Kohler: Die Auswirkungen der Wirtschaftskrise auf das Verhalten beim Autokauf können wir noch nicht abschätzen. Doch wir stellen fest, dass durch die Abwrackprämie insbesondere Fahrzeuge im Kleinwagen- und Mittelklassebereich gekauft wurden.

«Effizientere Autos durch Umweltprämie»

Abwrackprämie Foto: dpa

Autogazette: Die Umweltprämie wird ihrem Namen also gerecht?

Kohler: Ja, durch die Umweltprämie kommen effizientere Fahrzeuge auf die Straßen, wodurch wir zu einer deutlichen CO2-Verringerung im Verkehr kommen.

Autogazette: Sie wollten auf ihrem Kongress auch Rahmenbedingungen zu einer nachhaltigen Mobilität aufzeigen. Wie schauen die aus?

Kohler: Es muss eine vernünftige Auszeichnung von Pkws stattfinden. Der Kunde muss sofort erkennen, wie viel das Auto verbraucht und wie hoch der CO2-Ausstoß ist. Der Staat ist hier gefordert: Wie bei Kühlschränken muss er auch hier eine Zertifizierung von Fahrzeugen vornehmen. Daneben müssen Kommunen und Städte ihren Bürgern Mobilitätskonzepte aufzeigen, wie sie effizient durch die Kombination der verschiedenen Verkehrsmittel zur Arbeit kommen können.

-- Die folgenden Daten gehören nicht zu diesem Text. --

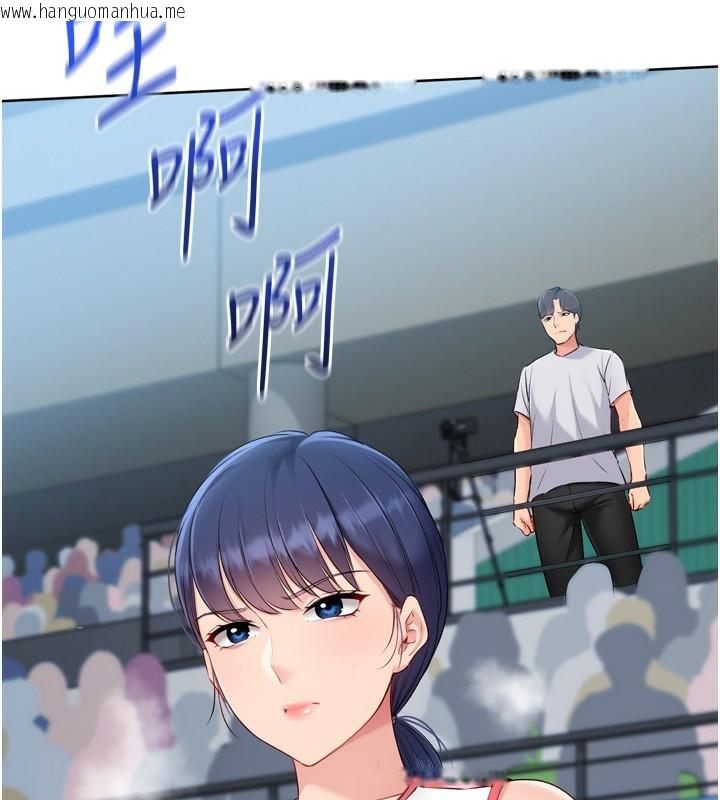韩国漫画Set-up!排球少女韩漫_Set-up!排球少女-第62话-是时候该离开了在线免费阅读-韩国漫画-第72张图片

Autogazette: Gehört zu den Rahmenbedingungen auch, dass man Anreizsysteme beim Kauf von verbrauchsgünstigen Fahrzeugen setzt?

Kohler: Auf jeden Fall. Das hat ja ausgezeichnet mit der Umweltprämie funktioniert. Das funktioniert aber auch durch Informationen, wie wir sie liefern. Wir zeigen dem Käufer, was er sparen kann, wenn er sich ein energieeffizientes Fahrzeug kauft. Neben den 2500 Euro an Umweltprämie kann er, je nach Fahrzeugtyp, bei den Spritkosten den gleichen Betrag einsparen.

Autogazette: Die CO2-basierte Kfz-Steuer ist auch ein solches Anreizsystem...

Kohler: ...auf jeden Fall. Die CO2-basierte Kfz-Steuer muss jetzt sozialverträglich umgesetzt werden. Auch Menschen, die nicht soviel Geld verdienen, müssen in die Lage versetzt werden, sich ein effizienteres Fahrzeug leisten zu können.